Cour de justice de l’Union européenne, le 7 novembre 2013, n°C-90/12

Par un arrêt en manquement, la Cour de justice de l’Union européenne a été amenée à se prononcer sur les modalités de mise en œuvre d’un règlement communautaire en matière de services aériens. En l’espèce, la Commission européenne a initié une procédure à l’encontre de la République de Pologne au motif que cet État membre n’avait pas instauré de procédure non discriminatoire et transparente pour la répartition des droits de trafic aérien, en méconnaissance des obligations découlant du règlement (CE) n° 847/2004. Suite à une lettre de mise en demeure du 4 juin 2010 restée sans effet concret, un avis motivé a été adressé le 28 janvier 2011, invitant l’État membre à se conformer dans un délai de deux mois. La République de Pologne a reconnu ne pas avoir pris les mesures requises mais a soutenu ne pas y être tenue, arguant que l’obligation d’instaurer une telle procédure était subordonnée à la conclusion d’accords internationaux prévoyant une limitation des droits de trafic, ce qu’elle affirmait ne pas avoir fait. La Commission a alors saisi la Cour de justice, estimant pour sa part que l’obligation d’adopter ces dispositions était inconditionnelle et préventive.

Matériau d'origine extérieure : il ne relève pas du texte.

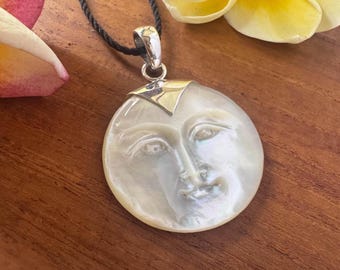 925 Sterling Moon-in-Moon pendant carved in Mother-of-Pearl, set in Sterling silver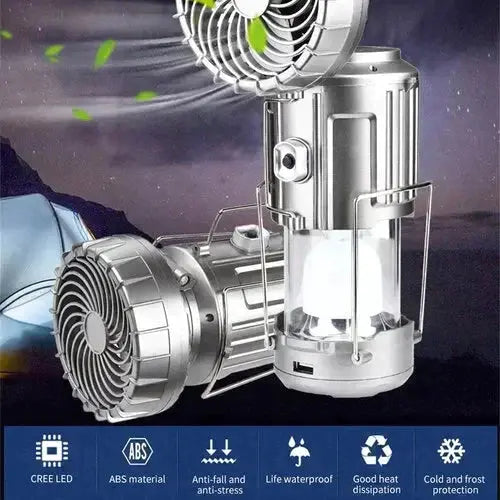 Camping Lantern with Fan & Power Bank | Solar & Rechargeable LED Light | Portable Outdoor Gear | Bowlift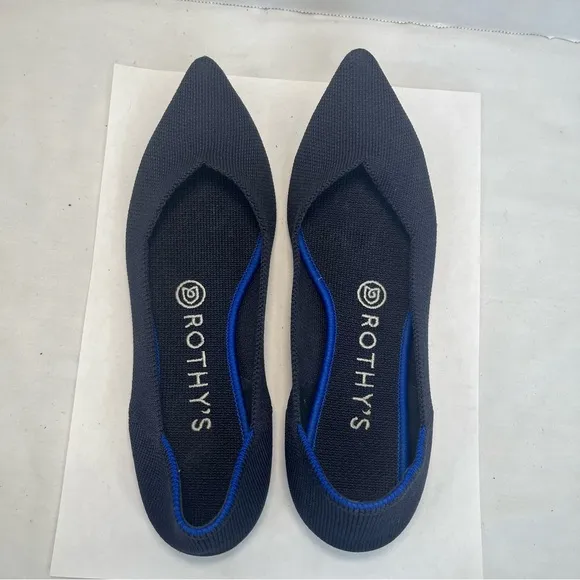Rothy’s The Point Flat Pointed Toe Ballet Flats Sandals Navy Blue Women 7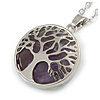 Round Amethyst Stone Tree Of Life Pendant with Silver Tone Chain - 70cm Long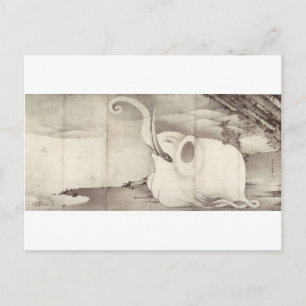 Postal Elefante y ballena (diptych) de Ito Jakuchu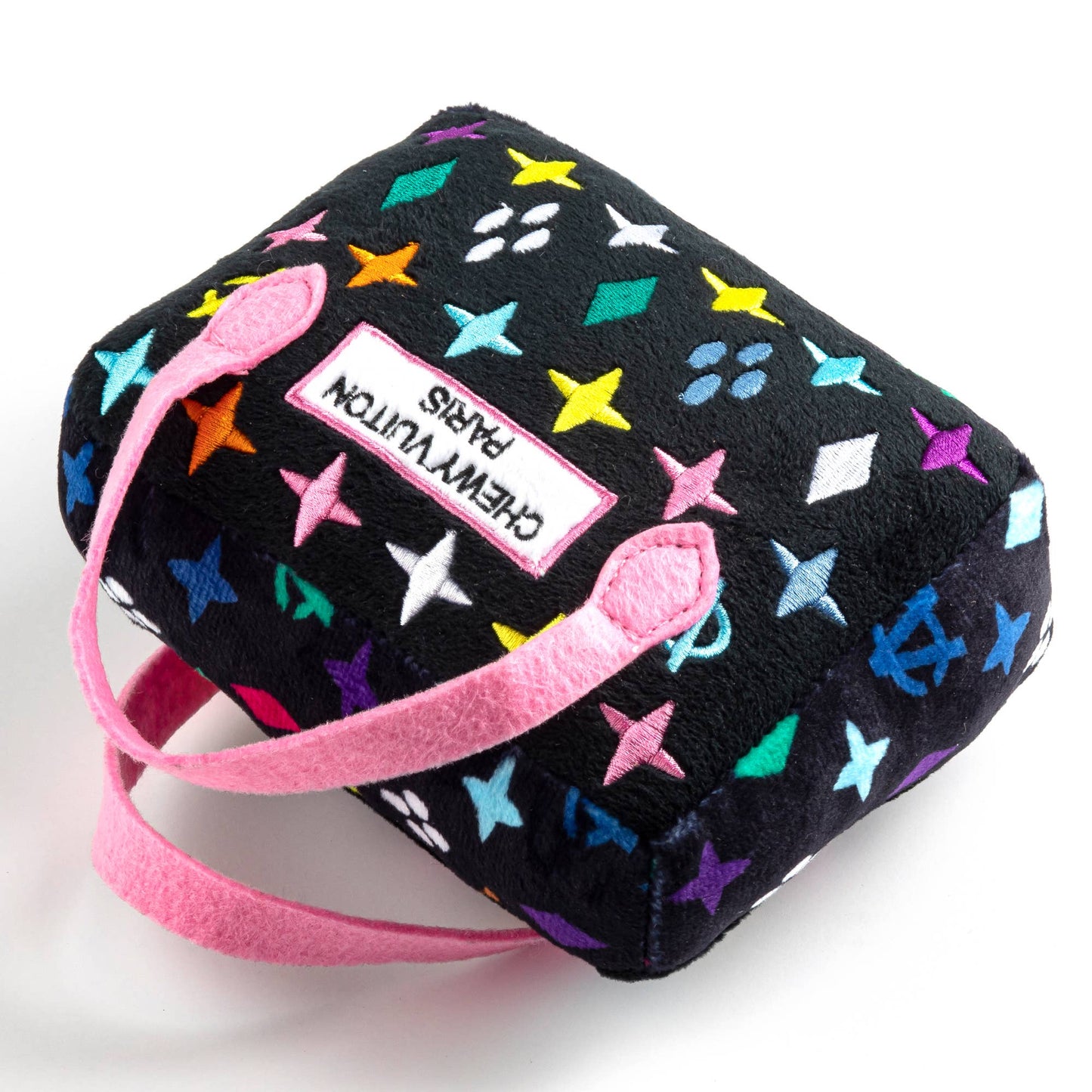 Haute Diggity Dog - Black Monogram Chewy Vuiton Handbag Squeaker Dog Toy: Small / Mini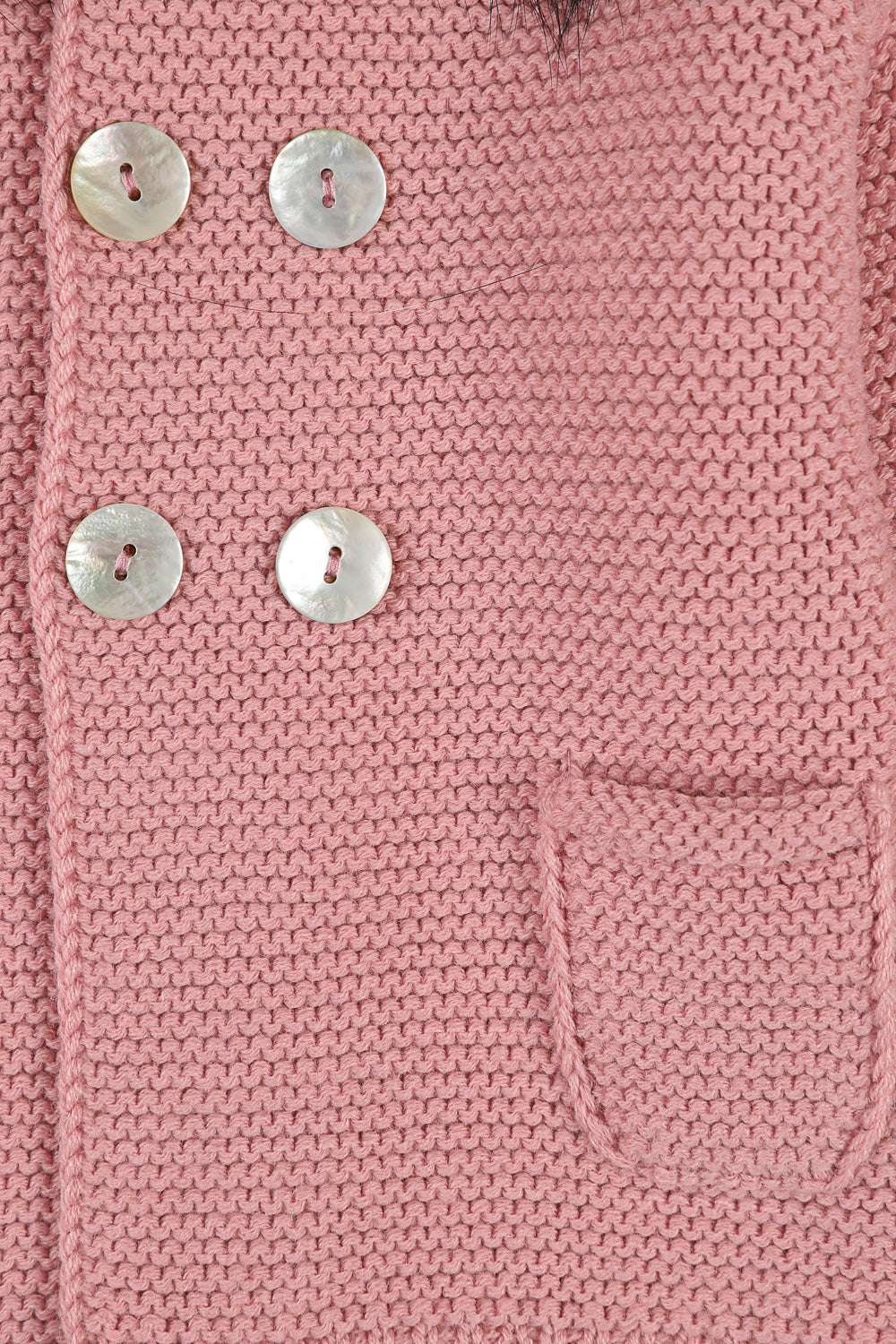 Bobble Babies knitted jacket in peony pink / natural hood trim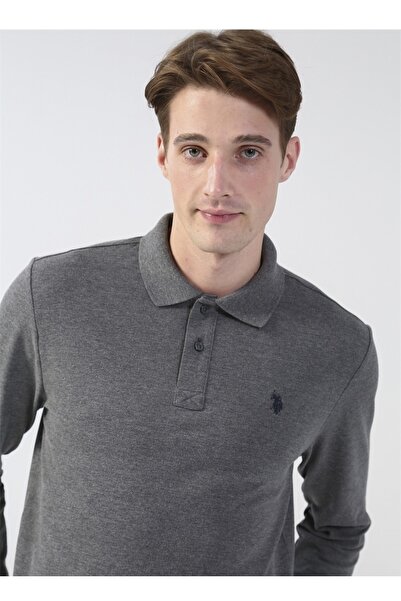 U.S. Polo Assn. Gray Polo Neck Long Sleeve Men's Sweatshirt Without Pockets R...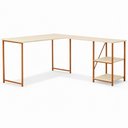 Ver imagem 2 de Mesa em L com Prateleira Office em MDF Estilo Insdustrial Klm Store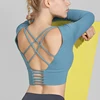 Yoga Shirts Workout Open Back Top  Long Sleeve Crop Top Women 2022 Autumn Gym Cross Back ► Photo 1/6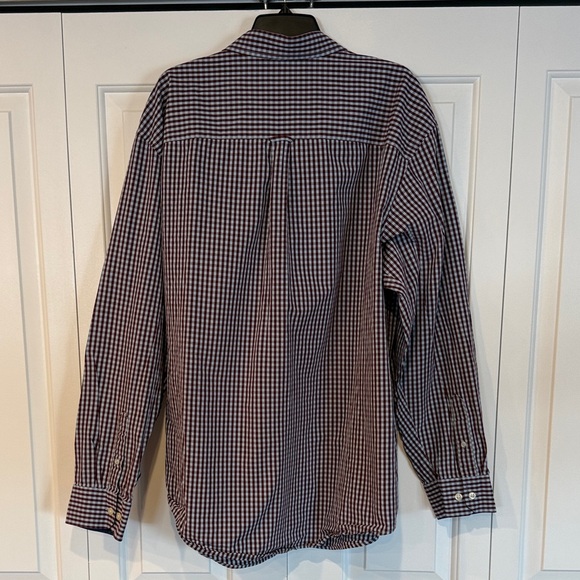 Izod Men's Blue and White Gingham Button Down Shirt - Picture 5 of 10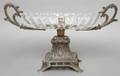 A German Molded Glass and Cast Metal Center Bowl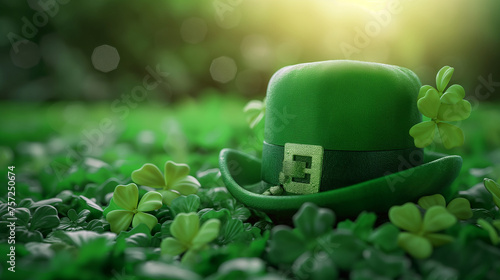 natural green leaves background with St Patrick's Head Cap.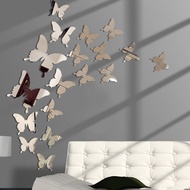12Pcs Butterfly Mirror Wall Sticker 3D DIY TV Background Living Room Stickers Christmas Wall Decor Bedroom Bathroom Home Decoration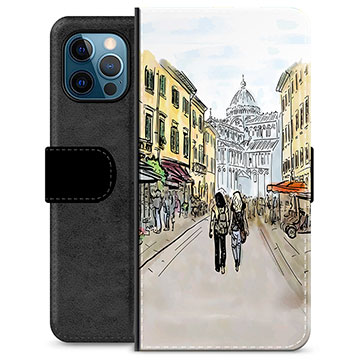 iPhone 12 Pro Premium Flip Cover med Pung - Italiensk Gade
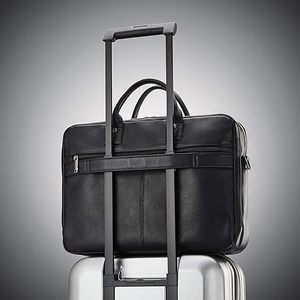 Smart Carry Black Leather Briefcase for Men Business Laptop <b>Bag</b> Functional Office <b>Work</b> <b>Bag</b> with Organized Compartments - Product Image 6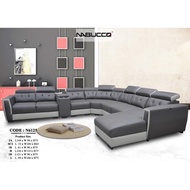 Nabucco N6125 7 Seater Corner Sofa Set【Water Resistance Fabric &amp; Casa Leather 】 【Free 1 Console Table】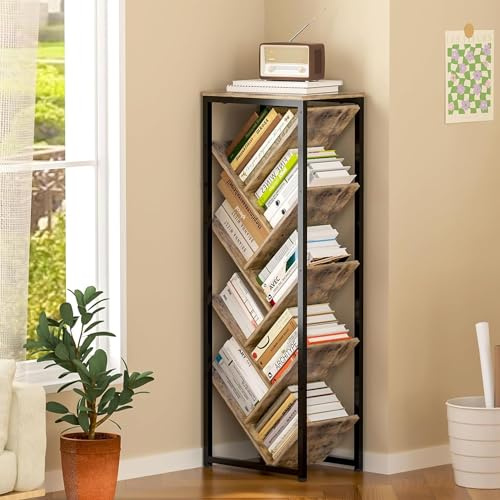 Cutogxon Bücherregal mit 9 Ebenen, bodenstehend, Baum-Bücherregal für Hardcover-Bücher, kleines Bücherregal für kleine Räume, Bücherregale, Holzbuchaufbewahrung, Organizer, Regale für Schlafzimmer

Le problème de droit soumis à la Cour consistait donc à déterminer si l’obligation pour un État membre d’instaurer la procédure de répartition des droits de trafic aérien prévue par l’article 5 du règlement n° 847/2004 est conditionnée par la conclusion préalable d’un accord limitant ces droits, ou si elle revêt un caractère inconditionnel.

À cette question, la Cour de justice répond que l’adoption de la procédure prévue par le règlement constitue une obligation inconditionnelle pour les États membres. Elle juge que la procédure de répartition doit nécessairement être instaurée préalablement à toute application, indépendamment de la conclusion effective d’un accord international. La Cour constate par conséquent le manquement de la République de Pologne à ses obligations. Cette solution, qui consacre une lecture stricte de l’obligation de transposition (I), réaffirme avec force la primauté des exigences de sécurité juridique et de pleine effectivité du droit de l’Union (II).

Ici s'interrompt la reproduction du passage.